Sam Altman, director ejecutivo de OpenAI, ha presentado una ambiciosa propuesta que combina diplomacia tecnológica con acercamiento político: la creación de un foro internacional de inteligencia artificial liderado por Estados Unidos, acompañada de una oferta de participación accionaria del 5% destinada a la administración del presidente Donald Trump. La iniciativa busca simultáneamente reconquistar la confianza del público general y recomponer los vínculos entre la compañía y el gobierno federal.
La propuesta llega en un momento delicado para OpenAI, que enfrenta un creciente escepticismo ciudadano sobre el desarrollo acelerado de la inteligencia artificial y sus posibles consecuencias sociales, económicas y de seguridad. A medida que los sistemas de IA se integran cada vez más en sectores críticos, la presión sobre las empresas desarrolladoras de estas tecnologías para rendir cuentas ante los gobiernos y la sociedad no ha hecho sino crecer.
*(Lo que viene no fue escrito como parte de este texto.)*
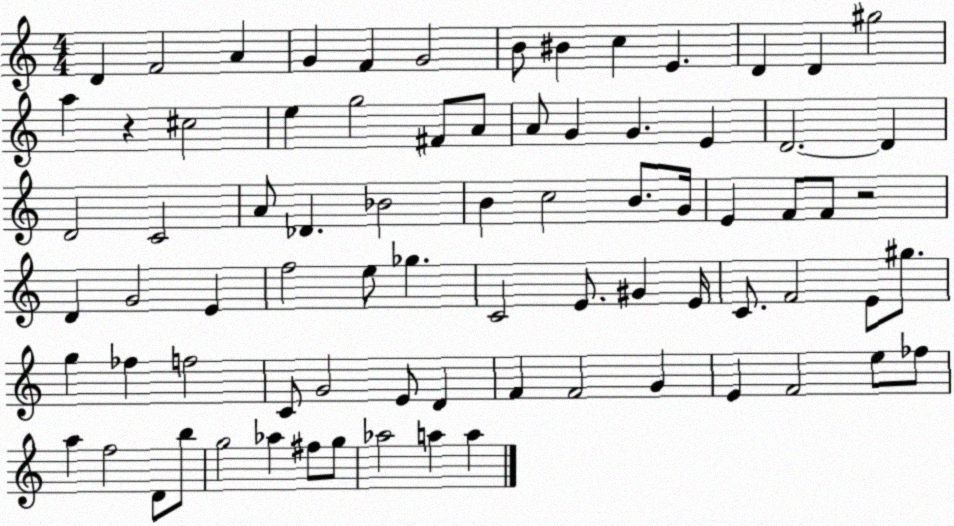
X:1
T:Untitled
M:4/4
L:1/4
K:C
D F2 A G F G2 B/2 ^B c E D D ^g2 a z ^c2 e g2 ^F/2 A/2 A/2 G G E D2 D D2 C2 A/2 _D _B2 B c2 B/2 G/4 E F/2 F/2 z2 D G2 E f2 e/2 _g C2 E/2 ^G E/4 C/2 F2 E/2 ^g/2 g _f f2 C/2 G2 E/2 D F F2 G E F2 e/2 _f/2 a f2 D/2 b/2 g2 _a ^f/2 g/2 _a2 a a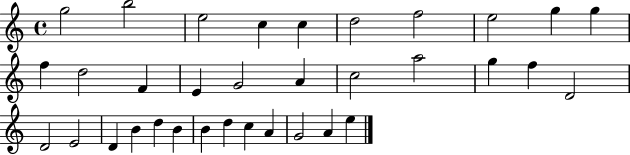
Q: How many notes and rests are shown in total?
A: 34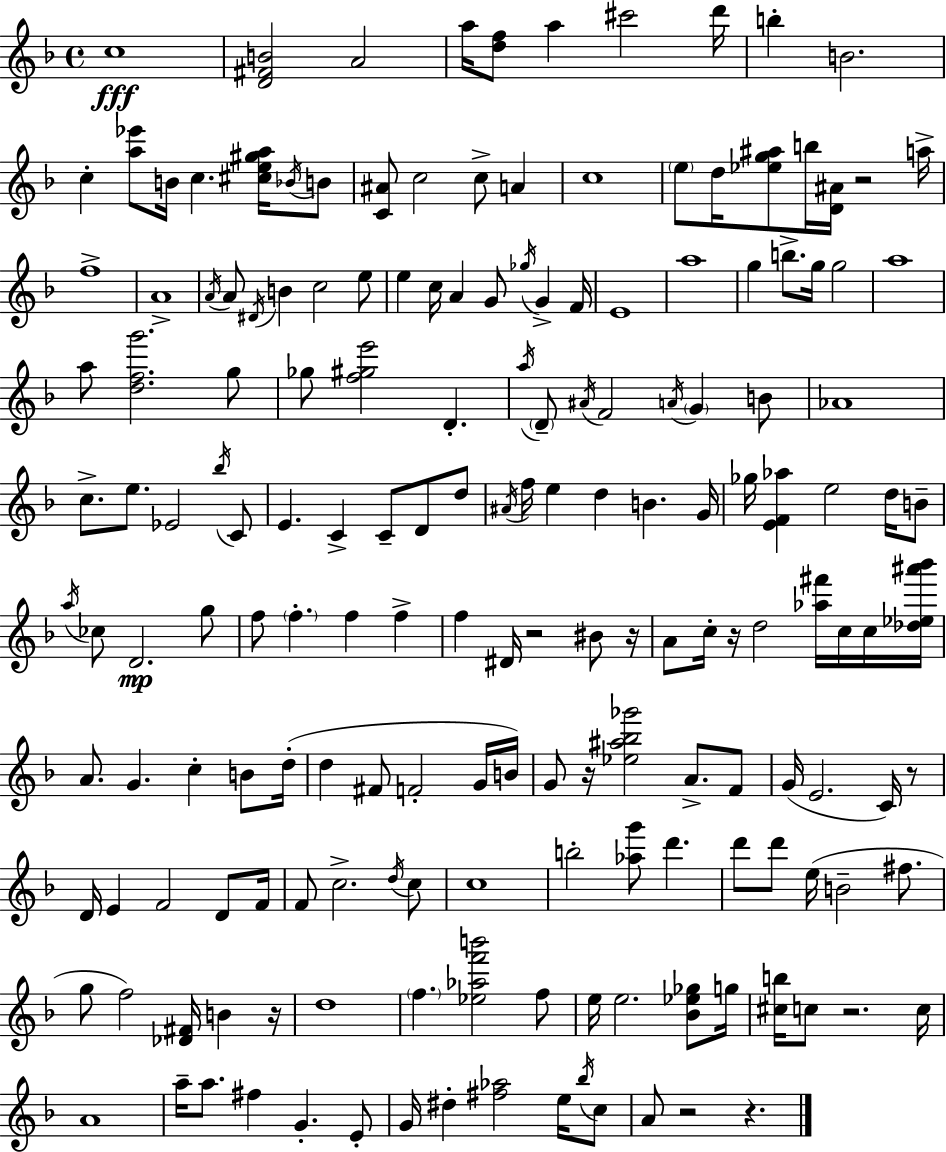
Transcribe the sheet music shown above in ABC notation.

X:1
T:Untitled
M:4/4
L:1/4
K:Dm
c4 [D^FB]2 A2 a/4 [df]/2 a ^c'2 d'/4 b B2 c [a_e']/2 B/4 c [^ce^ga]/4 _B/4 B/2 [C^A]/2 c2 c/2 A c4 e/2 d/4 [_eg^a]/2 b/4 [D^A]/4 z2 a/4 f4 A4 A/4 A/2 ^D/4 B c2 e/2 e c/4 A G/2 _g/4 G F/4 E4 a4 g b/2 g/4 g2 a4 a/2 [dfg']2 g/2 _g/2 [f^ge']2 D a/4 D/2 ^A/4 F2 A/4 G B/2 _A4 c/2 e/2 _E2 _b/4 C/2 E C C/2 D/2 d/2 ^A/4 f/4 e d B G/4 _g/4 [EF_a] e2 d/4 B/2 a/4 _c/2 D2 g/2 f/2 f f f f ^D/4 z2 ^B/2 z/4 A/2 c/4 z/4 d2 [_a^f']/4 c/4 c/4 [_d_e^a'_b']/4 A/2 G c B/2 d/4 d ^F/2 F2 G/4 B/4 G/2 z/4 [_e^a_b_g']2 A/2 F/2 G/4 E2 C/4 z/2 D/4 E F2 D/2 F/4 F/2 c2 d/4 c/2 c4 b2 [_ag']/2 d' d'/2 d'/2 e/4 B2 ^f/2 g/2 f2 [_D^F]/4 B z/4 d4 f [_e_af'b']2 f/2 e/4 e2 [_B_e_g]/2 g/4 [^cb]/4 c/2 z2 c/4 A4 a/4 a/2 ^f G E/2 G/4 ^d [^f_a]2 e/4 _b/4 c/2 A/2 z2 z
El denominado foro de IA de carácter internacional, según la visión de Altman, estaría orientado a establecer marcos de gobernanza globales con Washington como eje conductor. Esta postura se alinea con el enfoque que la administración Trump ha denominado 'America First', priorizando el liderazgo tecnológico estadounidense frente a iniciativas multilaterales de otras potencias o instituciones supranacionales.
En cuanto a la participación ofrecida al gobierno de Trump, la medida resulta inusual en el ecosistema tecnológico privado y generará debate sobre los límites entre el sector público y las empresas de tecnología de vanguardia. Una participación del 5% en una compañía valorada en decenas de miles de millones de dólares representaría un vínculo financiero directo entre el Estado y uno de los desarrolladores de IA más influyentes del mundo.
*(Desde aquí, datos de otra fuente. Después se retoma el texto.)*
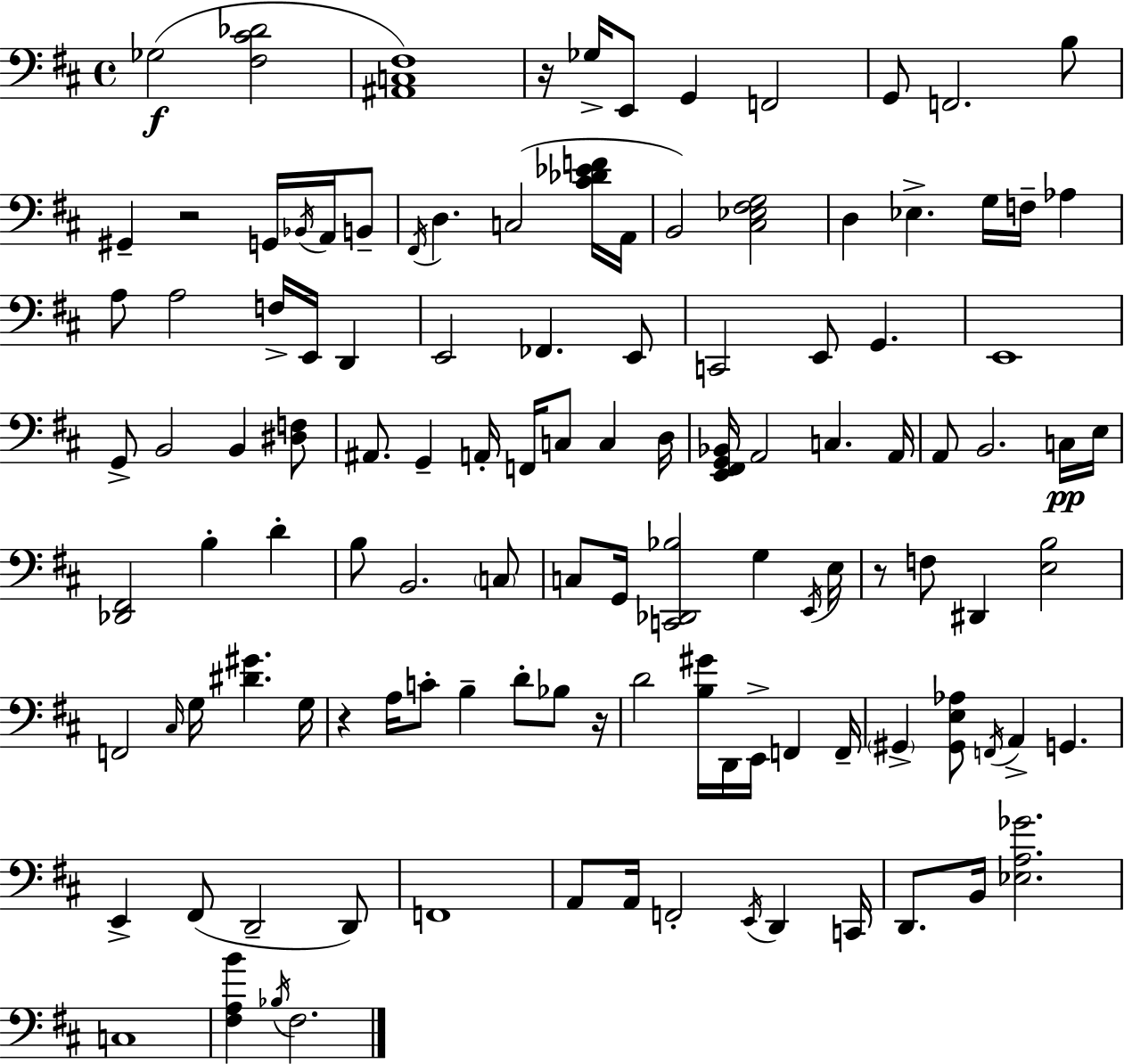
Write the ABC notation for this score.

X:1
T:Untitled
M:4/4
L:1/4
K:D
_G,2 [^F,^C_D]2 [^A,,C,^F,]4 z/4 _G,/4 E,,/2 G,, F,,2 G,,/2 F,,2 B,/2 ^G,, z2 G,,/4 _B,,/4 A,,/4 B,,/2 ^F,,/4 D, C,2 [^C_D_EF]/4 A,,/4 B,,2 [^C,_E,^F,G,]2 D, _E, G,/4 F,/4 _A, A,/2 A,2 F,/4 E,,/4 D,, E,,2 _F,, E,,/2 C,,2 E,,/2 G,, E,,4 G,,/2 B,,2 B,, [^D,F,]/2 ^A,,/2 G,, A,,/4 F,,/4 C,/2 C, D,/4 [E,,^F,,G,,_B,,]/4 A,,2 C, A,,/4 A,,/2 B,,2 C,/4 E,/4 [_D,,^F,,]2 B, D B,/2 B,,2 C,/2 C,/2 G,,/4 [C,,_D,,_B,]2 G, E,,/4 E,/4 z/2 F,/2 ^D,, [E,B,]2 F,,2 ^C,/4 G,/4 [^D^G] G,/4 z A,/4 C/2 B, D/2 _B,/2 z/4 D2 [B,^G]/4 D,,/4 E,,/4 F,, F,,/4 ^G,, [^G,,E,_A,]/2 F,,/4 A,, G,, E,, ^F,,/2 D,,2 D,,/2 F,,4 A,,/2 A,,/4 F,,2 E,,/4 D,, C,,/4 D,,/2 B,,/4 [_E,A,_G]2 C,4 [^F,A,B] _B,/4 ^F,2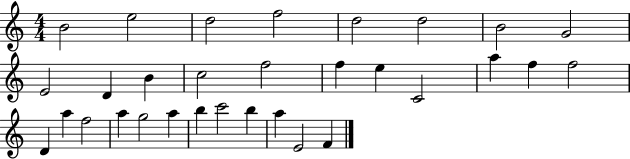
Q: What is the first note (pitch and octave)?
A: B4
OpenAI transita actualmente un proceso de transformación estructural: la compañía, fundada originalmente como organización sin fines de lucro, avanza hacia un modelo corporativo con ánimo de lucro, lo que ha generado controversia entre sus fundadores originales y la comunidad científica. En este contexto, tender puentes con el poder político resulta estratégicamente relevante, especialmente en un país donde la regulación de la IA aún se encuentra en etapas tempranas de definición.
La relación entre OpenAI y el gobierno federal ha atravesado altibajos. Aunque la empresa ha mantenido conversaciones con diversas agencias gubernamentales, la llegada de la administración Trump supuso un reajuste de prioridades en materia de política tecnológica, con un énfasis renovado en la competitividad nacional frente a China en el campo de la inteligencia artificial. Altman parece apostar por encuadrar a OpenAI como un actor indispensable dentro de esa agenda.
Paralelamente, la percepción pública sobre la IA se ha vuelto más cautelosa. Encuestas recientes en distintos países reflejan que una parte significativa de la ciudadanía teme los efectos de esta tecnología sobre el empleo, la privacidad y la seguridad. Las empresas del sector, incluida OpenAI, han comenzado a destinar mayores recursos a iniciativas de comunicación y transparencia para contrarrestar esta tendencia.
La propuesta de Altman también podría interpretarse como una respuesta a los movimientos de competidores como Anthropic, Google DeepMind o las empresas chinas de IA, que buscan igualmente influir en los marcos regulatorios internacionales. Quien logre posicionarse como referente en los debates globales de gobernanza de la IA tendrá una ventaja competitiva considerable en los años venideros.
De materializarse el foro propuesto y concretarse algún tipo de participación gubernamental en OpenAI, ambas medidas marcarían un hito en la relación entre el Estado estadounidense y la industria de la inteligencia artificial. En los próximos meses se sabrá si la administración Trump acepta el ofrecimiento y en qué términos, lo que definirá en buena medida el rumbo de la política de IA en Estados Unidos durante el resto del mandato.